This is a Rust implementation of clox that's based on Crafting Interpreters.
I intended to mostly stick to safe Rust early on (except for GC-managed pointers), but benchmarks showed my implementation performing similarly to jlox. That was mostly because of bounds checks, conditions, etc. in tight loops that presumably inhibited compiler optimization (I don't think the branch alone would account for a 3x difference with branch prediction).
The clox VM is deeply unsafe, but is sound given the way codegen happens. For example, pushing and popping off the stack were bottlenecks due to bounds checking, but both never actually need to be bounds checked - even with a fixed array. Popping isn't a huge surprise, since the codegen will only pop at the end of a scope, statement, etc. Pushing works out because there is are upper limits on everything. There can only be u8::MAX variables, and there's a maximum recursion limit. So we can elide bounds checks entirely - that alone got me 1/2 the way to clox.
Other noteworthy optimizations that got me pretty close to clox:
- Removing bounds checking reading the next opcode, getting the callframe, etc.
- Making reading invalid opcodes UB
The clox implementation of closures is extremely Rust-unfriendly, and for once, self-referential data was not the worst thing to deal with. The bigger issue was that captured variables get a pointer into the stack, which makes for painful aliasing problems. Using UnsafeCell fixed at least part of the problem, but the general aliasing problem remains. A VM has ownership over a Stack, so even though it can only call functions that take a &Stack, dereferencing pointers to the stack carries the risk of invalidating any &mut VM taken. The current implementation has UB under stack borrows, though seems temporarily fine under tree borrows.

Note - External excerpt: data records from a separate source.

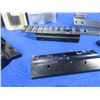 Image 4 : Lot of Misc. Scope Bases and Parts - Weaver Top & Side Mounts, Etc.
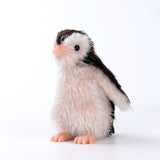 Full Silicone Reborn Penguin Toys Simulation Penguin Gift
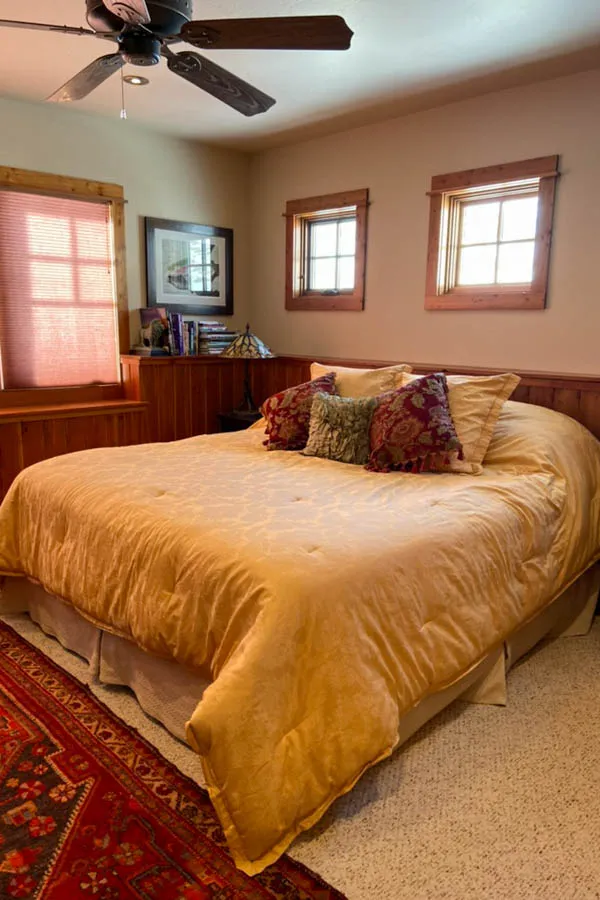 Ennis, MT rental house
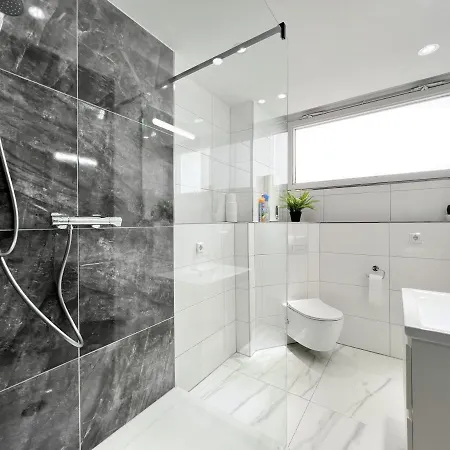 Apartment Modernes Mit Stil In Lage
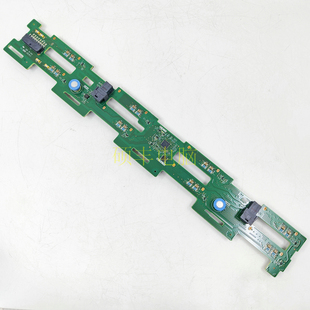 原装联想SR550 SR530 SR630 8盘位3.5英寸2U硬盘扩展背板15602-1A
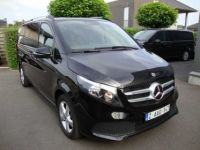 Mercedes Classe V 220 d, L2, aut, 5 pl, lichte vracht, leder,2023,camera - <small></small> 65.500 € <small>TTC</small> - #35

There are workarounds to make it work under stack borrows, but they're all hackjobs or make the code unbearably ugly.
Parsing isn't the bottleneck, and I found doing everything in one pass made the code significantly more difficult to reason about, so I added an AST.

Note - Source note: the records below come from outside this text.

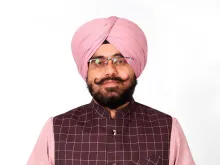 Dr. Amandeep Singh Grover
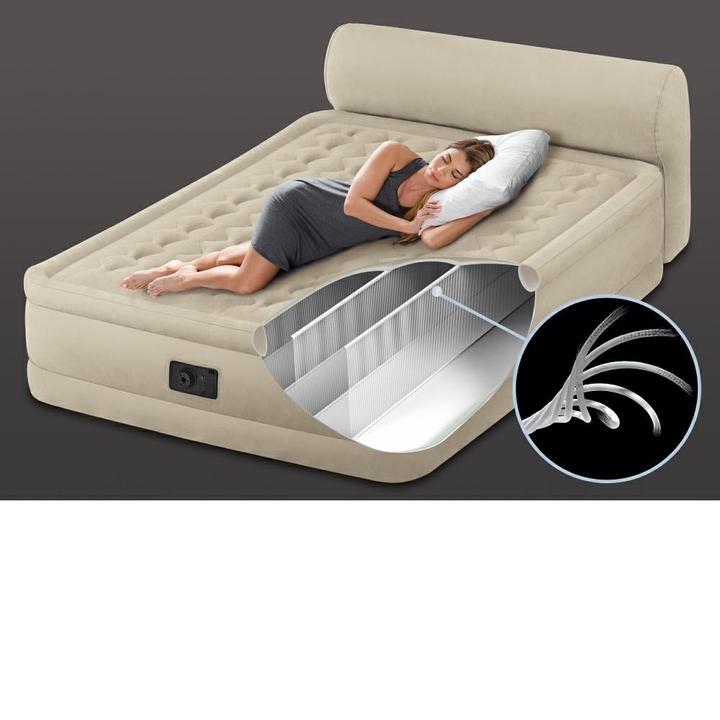 Produktbild Intex Queen Headboard (150 x 200 cm)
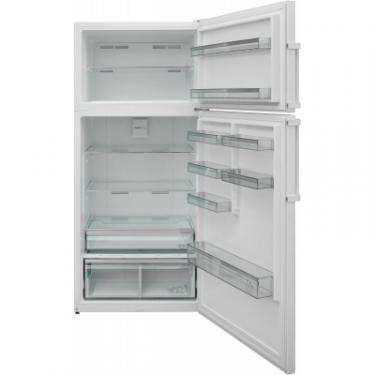 Холодильник Sharp SJ-TA35CHXW2-UA Фото 1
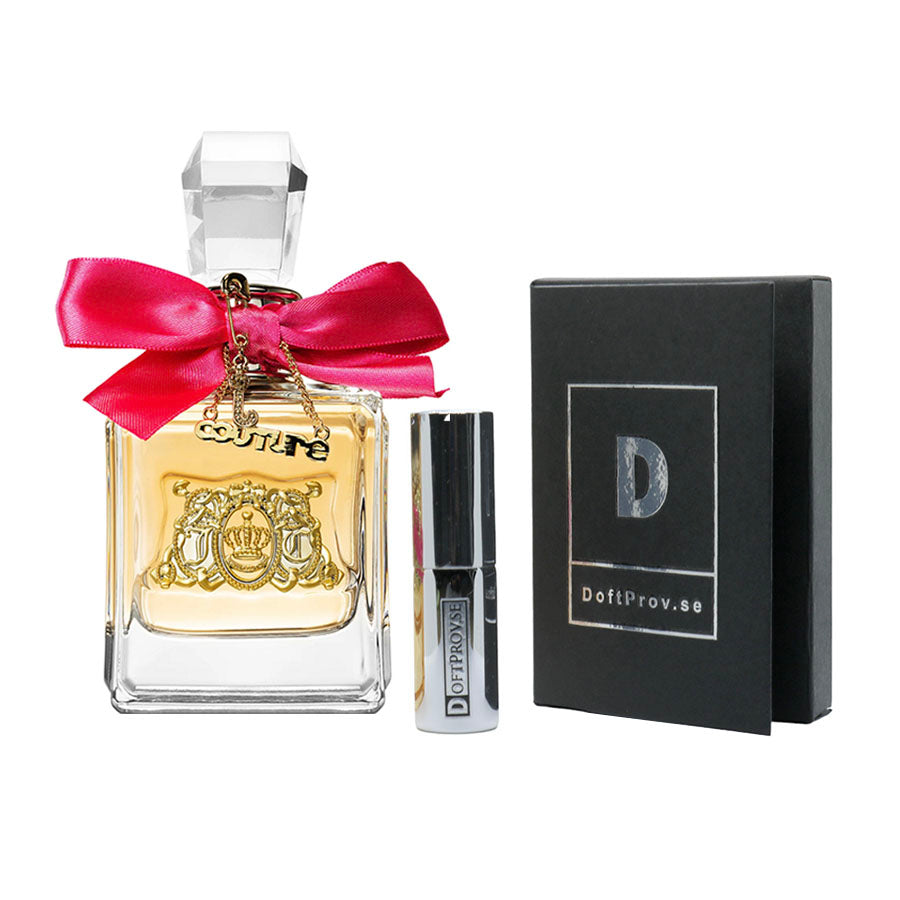 Juicy Couture - Viva La Juicy Eau de Parfum 5ml Spray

I've skipped some segments that weren't interesting to me - notably:
- Implementing dynamic arrays and hashmaps
- Chapters 27-29 - which didn't seem like they taught anything new
- Chapter 30 - I don't use hashing at runtime, and NaN-boxing seems like the gains are too marginal for how much Rust would dislike it
Additionally, I deviate functionally in a few areas:
- Top level returns are OK
- Shadowing is OK
- Curly braces after an if-else are mandatory
- Parens around an if-condition are optional
I benefited from a lot of other tooling, but these are the ones that are new to me:
Tarpaulin is a code coverage tool - it really did force me to find edge cases I hadn't considered.
cargo-fuzz is a CLI helper for fuzzing - it took a while to set up and mostly found false-negatives (pre-conditions in the AST generation that weren't adequately specified), but it did find a buffer overflow. After switching to a 2-pass compilation process, I optimized if-else to omit some code if there was no else. However, I didn't emit a Pop on one of the branches in that case, so the stack grew and grew until it overflowed. By that point, I'd already optimized with the assumption that could never happen, so I'm glad for fuzzing + asan. Another approach that would've helped is intrusive testing to check the stack, but I've had bad experiences with that - it makes changing implementation details difficult.

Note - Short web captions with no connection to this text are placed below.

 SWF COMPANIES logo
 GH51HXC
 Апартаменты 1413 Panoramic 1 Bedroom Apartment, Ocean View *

insta is a snapshot testing tool. It's particularly great for UI testing - where I basically just wanted to say "looks good to me", without actually going through the effort of specifying the result. I wound up using it for basically everything for convenience, and it certainly helped to encourage me to write as many tests as I did. When I implemented jlox, overly verbose tests were a huge pain point that I've learned from. A downside is that they seem to encourage laziness. Often enough, I would write out the input, skim over the result (particularly for the AST or bytecode) and accept it when it was actually wrong.